Files
gh-ninthspace-claude-code-m…/commands/story-rollback.md
2025-11-30 08:44:27 +08:00

879 lines
25 KiB
Markdown

# /sdd:story-rollback
## Meta
- Version: 2.0
- Category: workflow
- Complexity: comprehensive
- Purpose: Critical rollback procedure for failed deployments or production issues
## Definition
**Purpose**: Execute comprehensive rollback procedure for a deployed story experiencing critical issues in production. Revert code changes, database migrations, configuration, and restore system stability.
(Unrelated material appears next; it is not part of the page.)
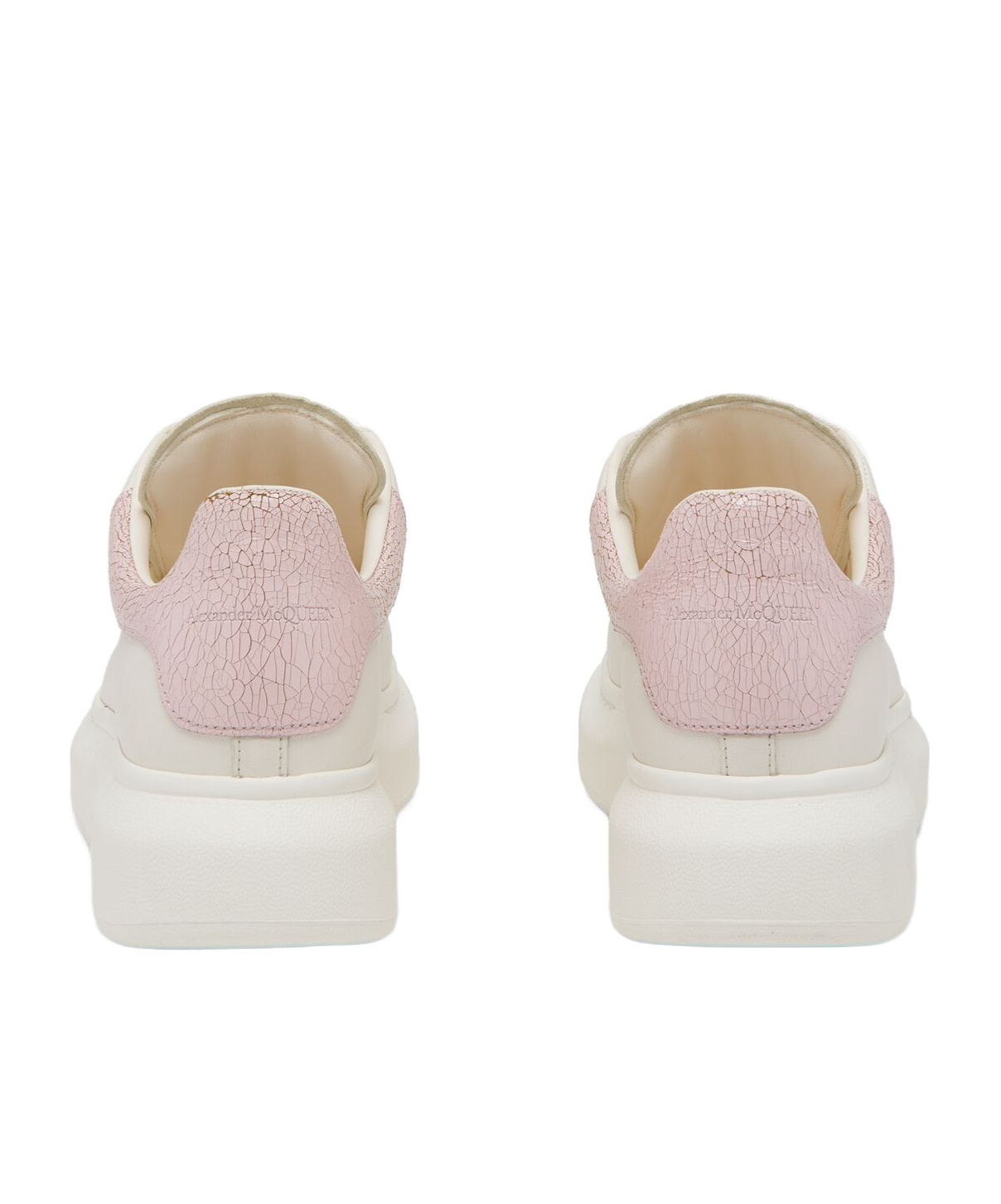 Alexander Mcqueen White Low Top Sneakers With Logo Patch On The Tongue And Contrasting Heel Detail In Leather Woman In White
**Syntax**: `/sdd:story-rollback <story_id> [--severity=critical|high|medium] [--rollback-type=full|code|database|config]`
## Parameters
| Parameter | Type | Required | Default | Description | Validation |
|-----------|------|----------|---------|-------------|------------|
| story_id | string | Yes | - | Story identifier (e.g., "STORY-2025-001") | Must match pattern STORY-\d{4}-\d{3} |
| --severity | enum | No | high | Issue severity level | critical, high, medium, low |
| --rollback-type | enum | No | full | Type of rollback to perform | full, code, database, config, partial |
## INSTRUCTION: Execute Critical Rollback
### INPUTS
- story_id: Story identifier (usually in /docs/stories/completed/ or /docs/stories/qa/)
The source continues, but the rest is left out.